• WHAT IS EXPECTED:
What are the lines below, starting at the line containing "HỘP THỦY TINH 2 NGĂN LOCK&LOCK LLG457" and ending at the line containing "Azərbaycan-Türkmənistan sənədləri imzalandı"? Write them out exactly, ends included, without pictures.

• DATA PROVIDED:
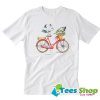 Philadelphia Eagles Snoopy Riding A Bicycle T-Shirt STW
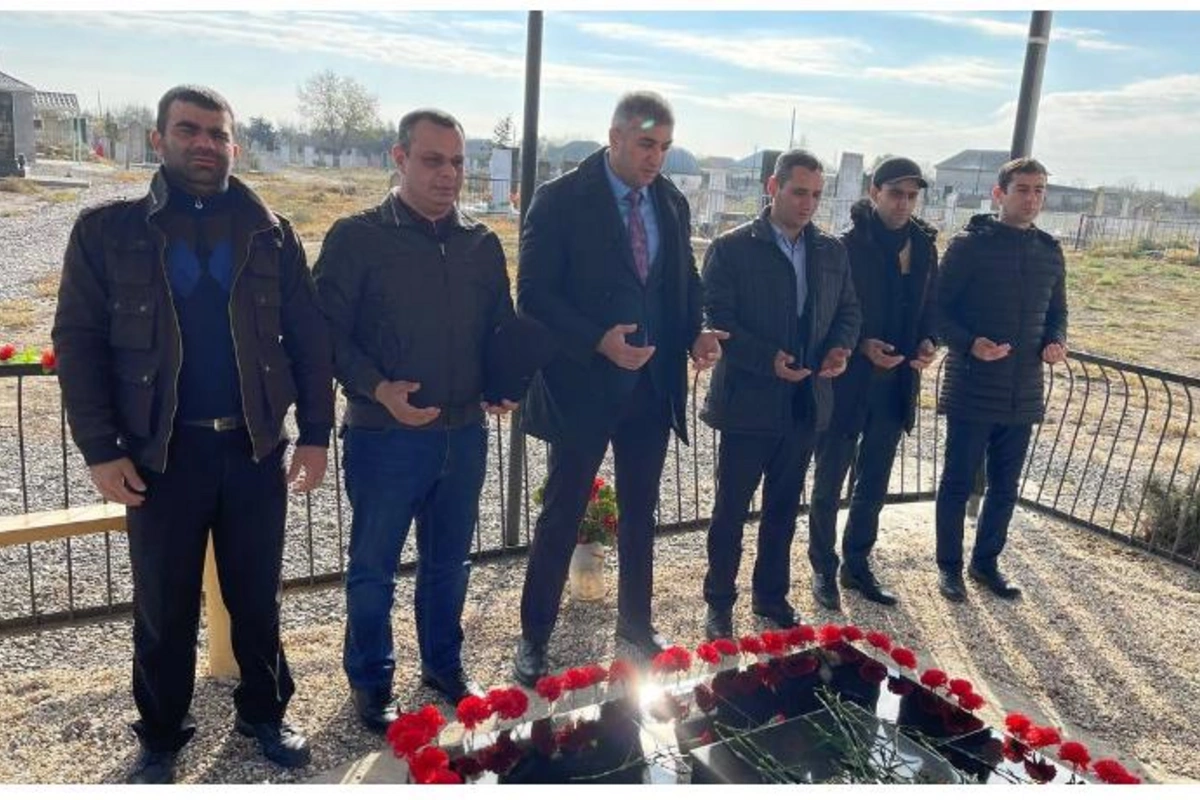 Salyanda Vətən Müharibəsi şəhidlərinin məzarları ziyarət olundu — FOTOLAR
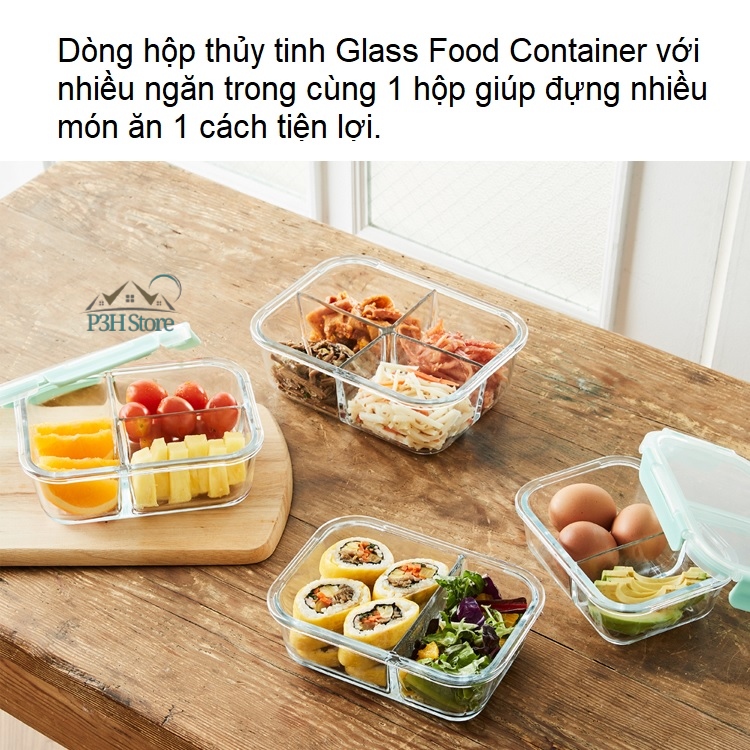 HỘP THỦY TINH 2 NGĂN LOCK&LOCK LLG457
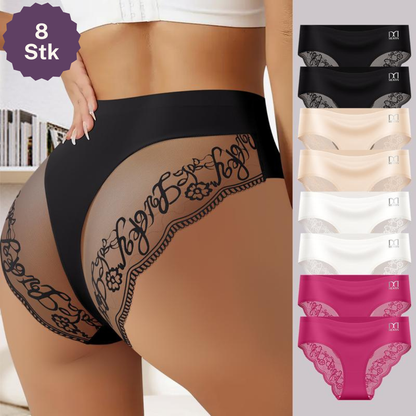 QUASTI Elegance – Spitzen-Slip 8er-Pack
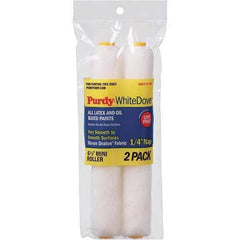 Purdy - 1/4" Nap, 6-1/2" Wide Paint Roller Cover - Smooth to Semi-Smooth Texture, Dralon - Eagle Tool & Supply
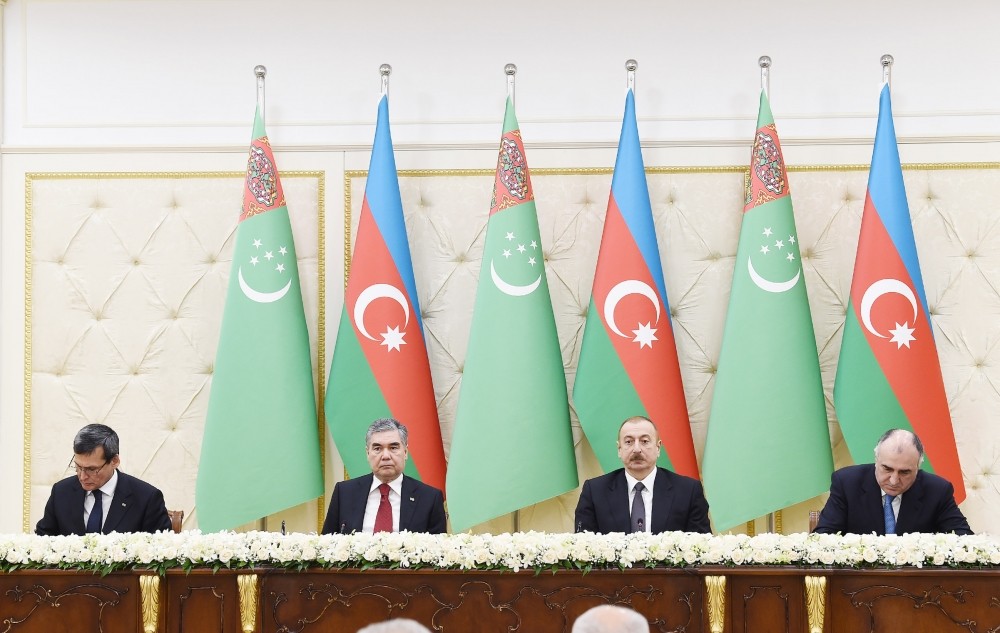 Azərbaycan-Türkmənistan sənədləri imzalandı - FOTOLAR-YENİLƏNİB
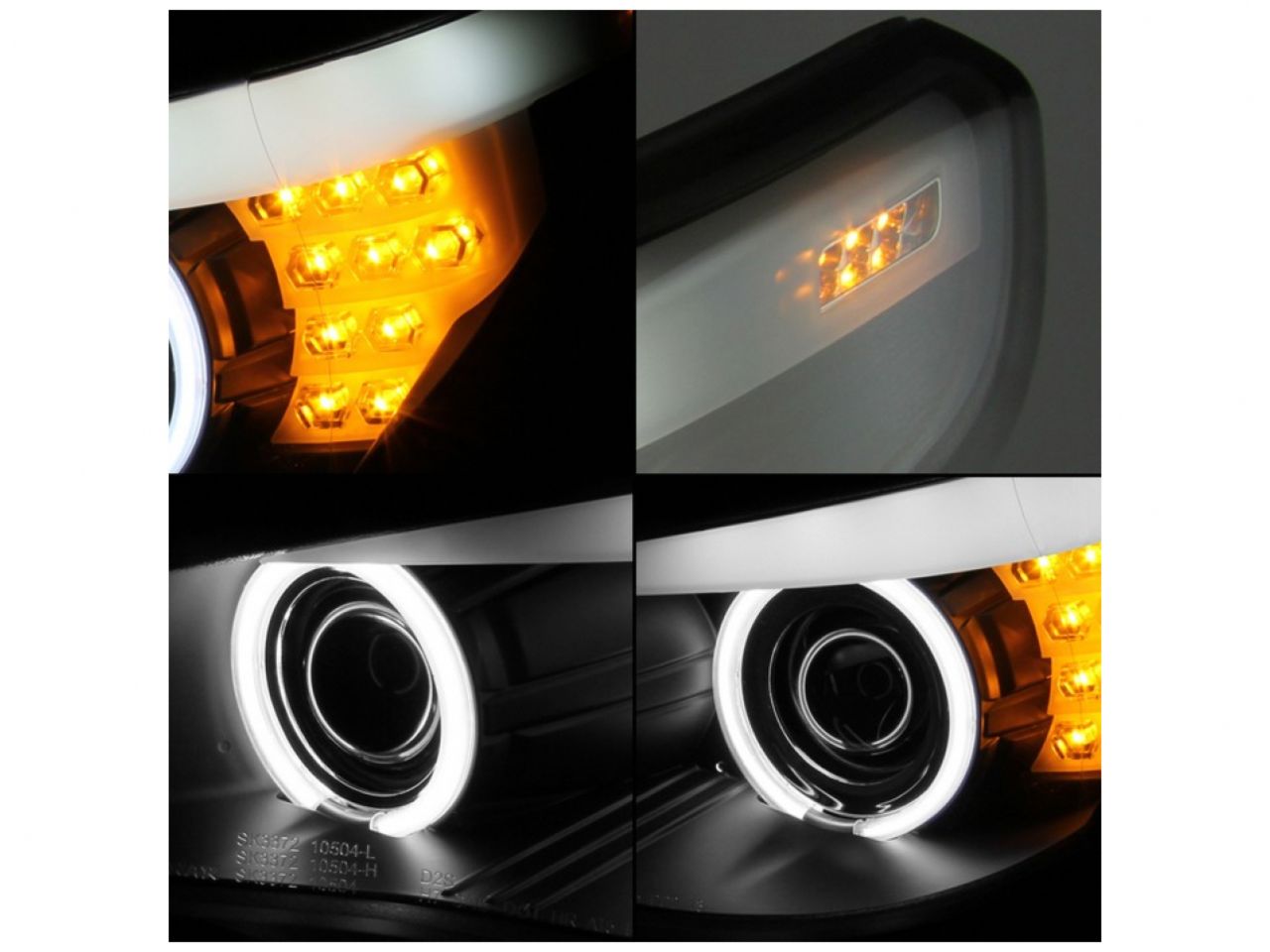Spyder BMW E60 5-Series 04-07 Projector Headlights (view 3)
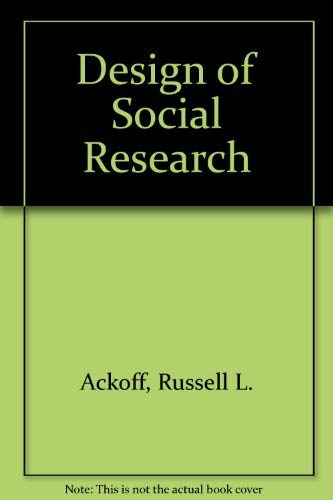 Stock image for Design of Social Research for sale by Better World Books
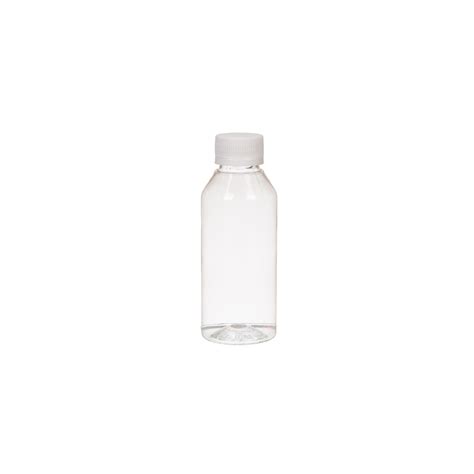 100ml Pvc Boston Bottle Clear Plastic With Lid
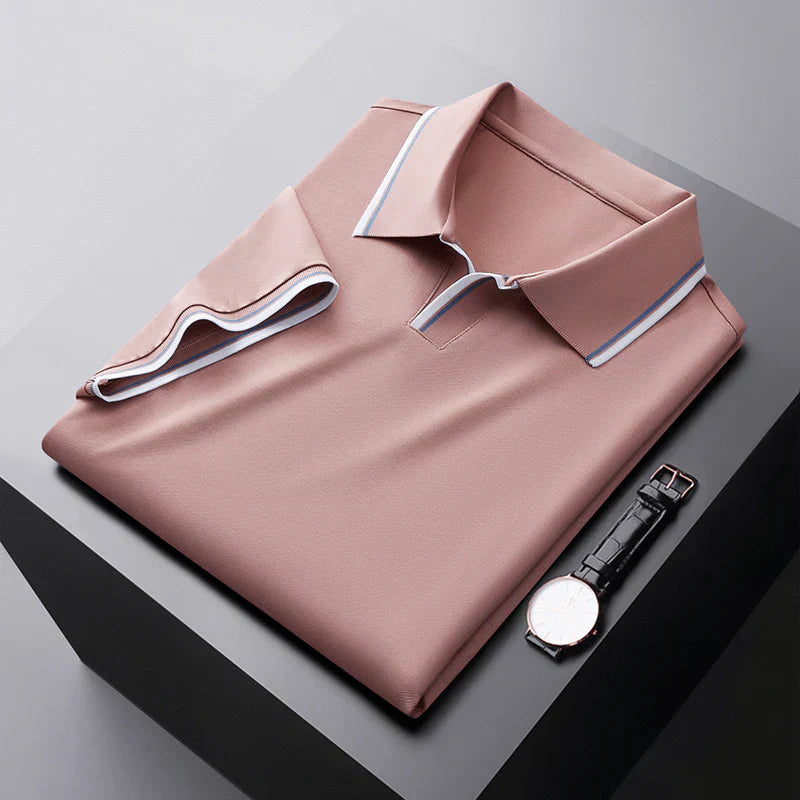 Gaultier - Polo de Manga Corta de Seda Prestige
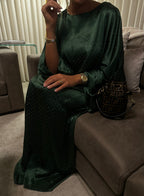 Abaya DiamondGlow Vert Malachite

• YOUR SOLUTION:
 HỘP THỦY TINH 2 NGĂN LOCK&LOCK LLG457
 QUASTI Elegance – Spitzen-Slip 8er-Pack
 Purdy - 1/4" Nap, 6-1/2" Wide Paint Roller Cover - Smooth to Semi-Smooth Texture, Dralon - Eagle Tool & Supply
 Azərbaycan-Türkmənistan sənədləri imzalandı - FOTOLAR-YENİLƏNİB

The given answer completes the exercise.